The magnetron instability in a pulsar's cylindrical electrosphere

Abstract

(abridged) The physics of the pulsar magnetosphere remains poorly constrained by observations. Little is known about their emission mechanism. Large vacuum gaps probably exist, and a non-neutral plasma partially fills the neutron star surroundings to form an electrosphere. We showed that the differentially rotating equatorial disk in the pulsar's electrosphere is diocotron unstable and that it tends to stabilise when relativistic effects are included. However, when approaching the light cylinder, particle inertia becomes significant and the electric drift approximation is violated. In this paper, we study the most general instability, i.e. by including particle inertia effects, as well as relativistic motions. This general non-neutral plasma instability is called the magnetron instability. We linearise the coupled relativistic cold-fluid and Maxwell equations. The non-linear eigenvalue problem for the perturbed azimuthal electric field component is solved numerically. The spectrum of the magnetron instability in a non-neutral plasma column confined between two cylindrically conducting walls is computed for several cylindrical configurations.

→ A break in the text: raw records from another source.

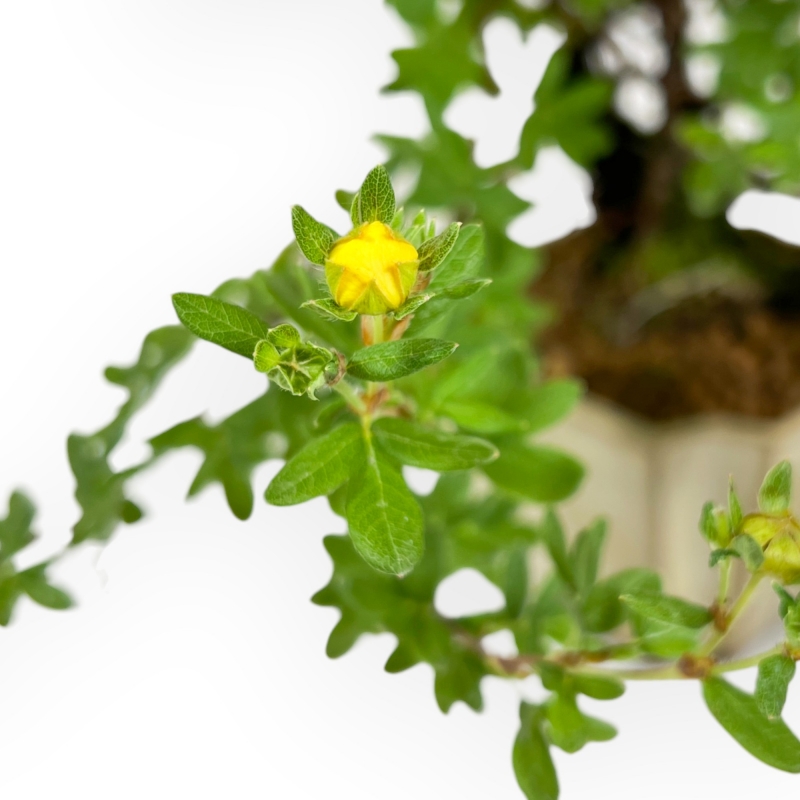 Potentilla Fruticosa - 30 cm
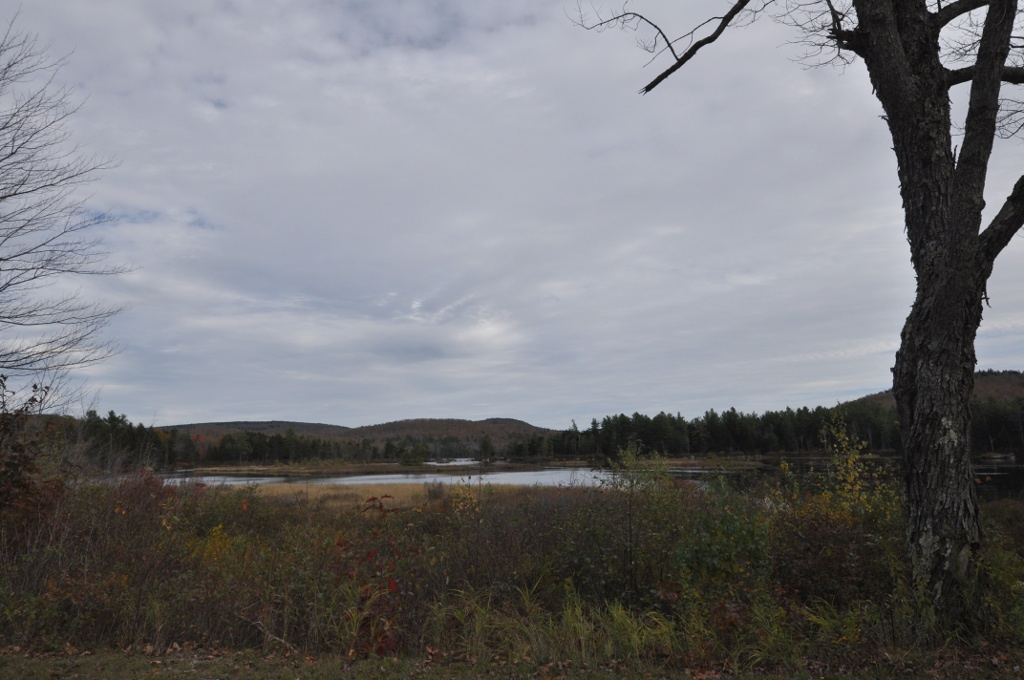 Pillsbury State Park
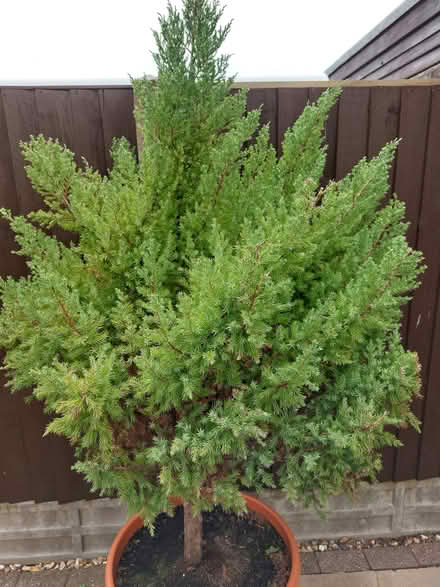 Photo of free Tree (PO21) #3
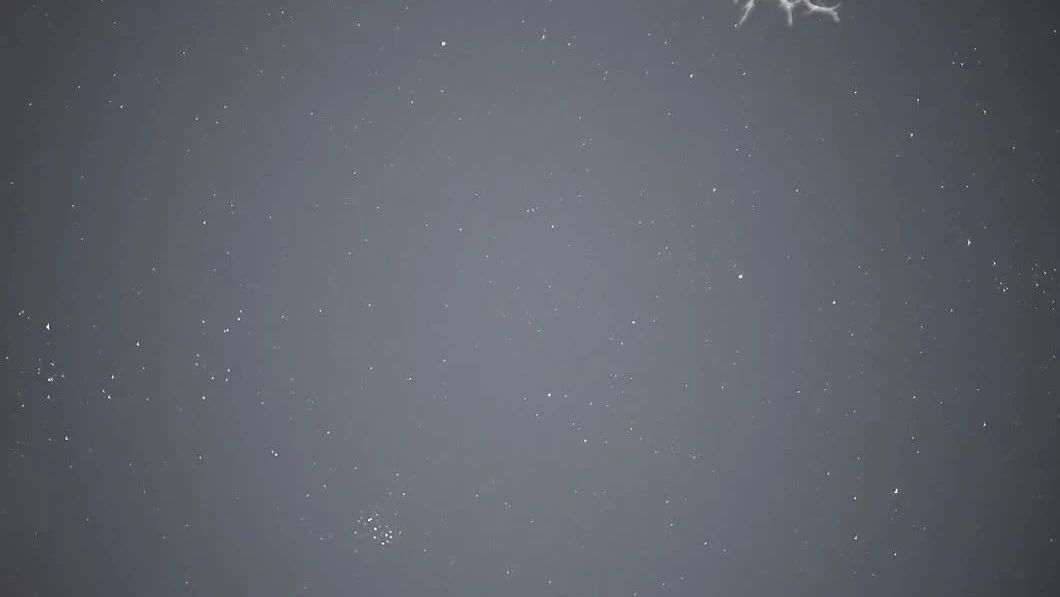 哇，看！好清晰呀，那是木星和金星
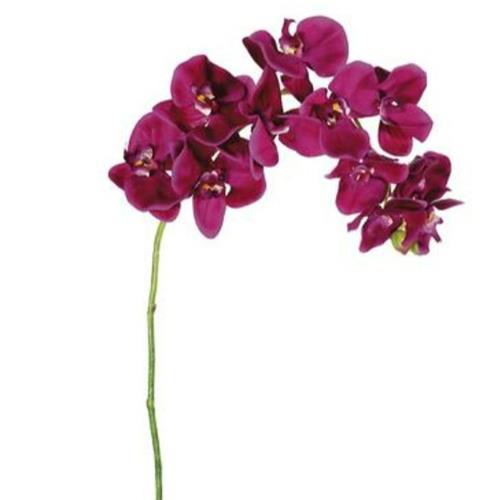 Orchid- Phalaenopsis Stem Violet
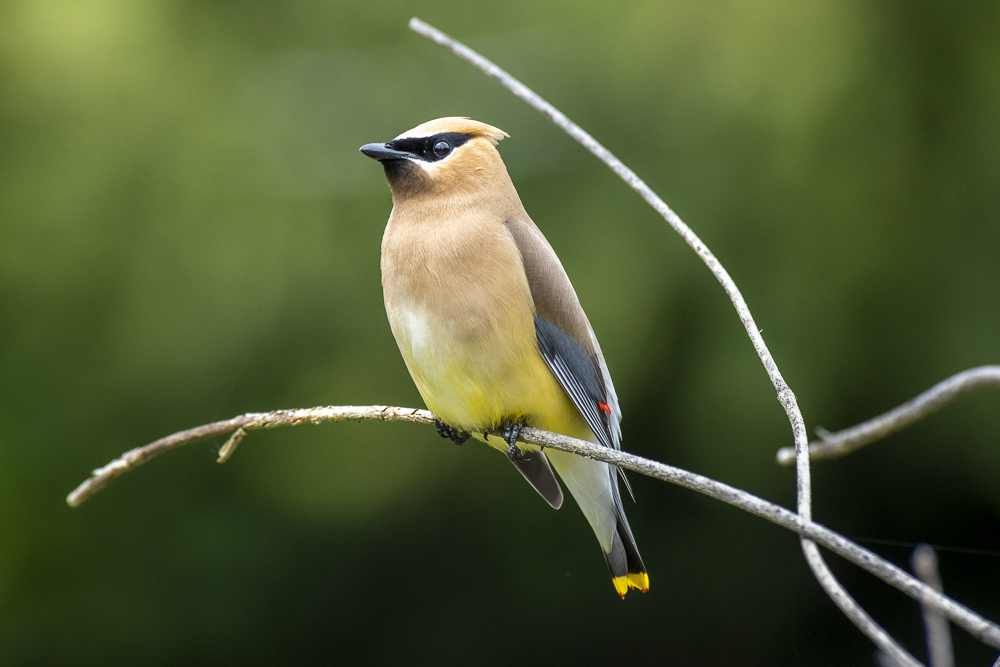 A proud male Bohemian Waxwing.  Olympia, Washington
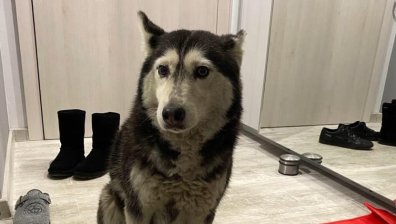 Петицията след убийството на кучето Мая събра над 170 хил. подписа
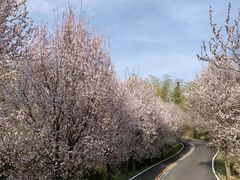 -南京老山国家森林公园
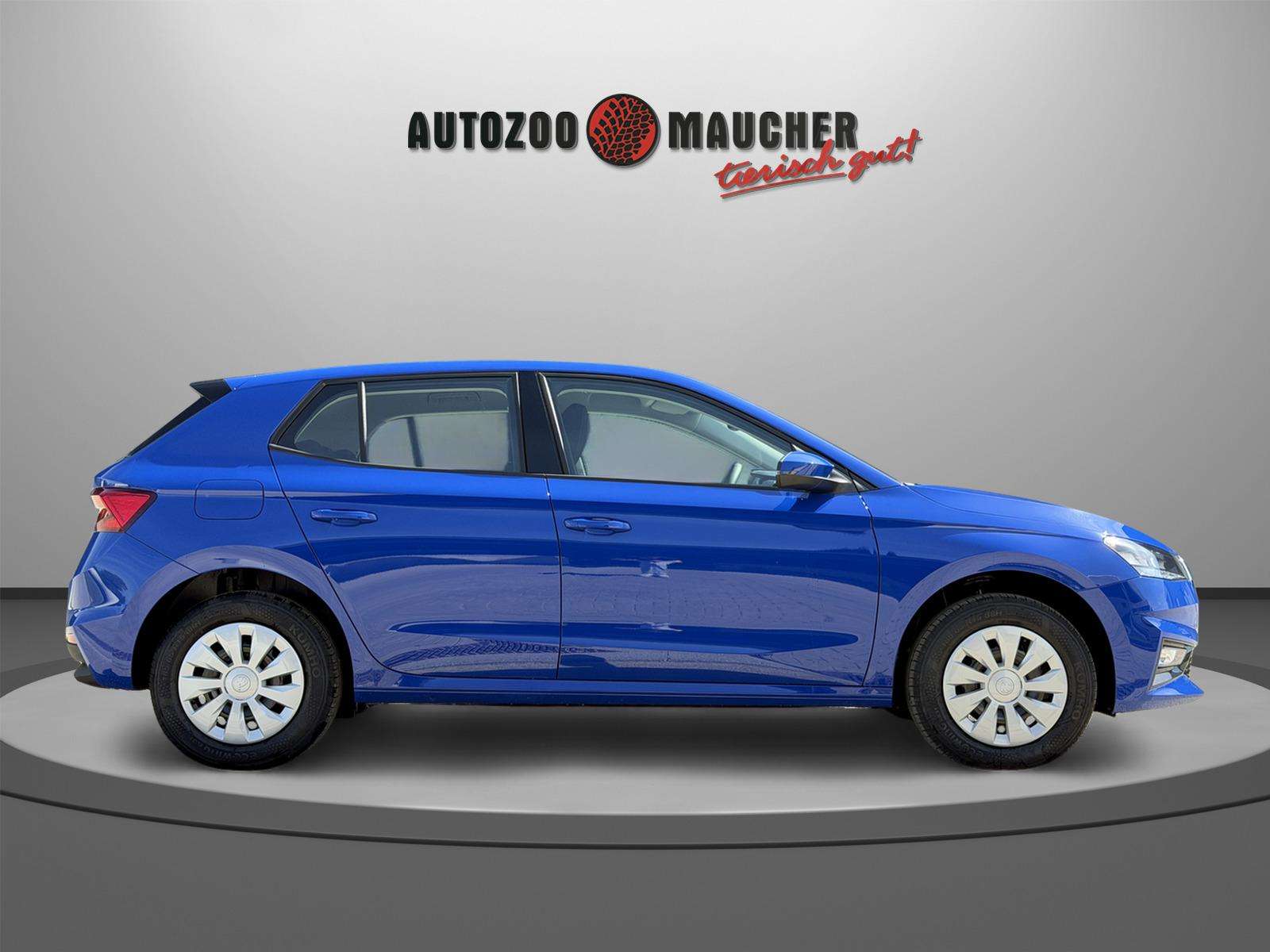 Fahrzeugbild eines Skoda Fabia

For a pulsar electrosphere, no outer wall exists. In this case, we allow for electromagnetic wave emission propagating to infinity. When the self-field induced by the plasma becomes significant, it can first increase the growth rate of the magnetron instability. However, equilibrium solutions are only possible when the self-electric field, measured by the parameter $s_{\rm e}$ and tending to disrupt the plasma configuration, is bounded to an upper limit, $s_{\rm e,max}$. For $s_{\rm e}$ close to but smaller than this value $s_{\rm e,max}$, the instability becomes weaker or can be suppressed as was the case in the diocotron regime.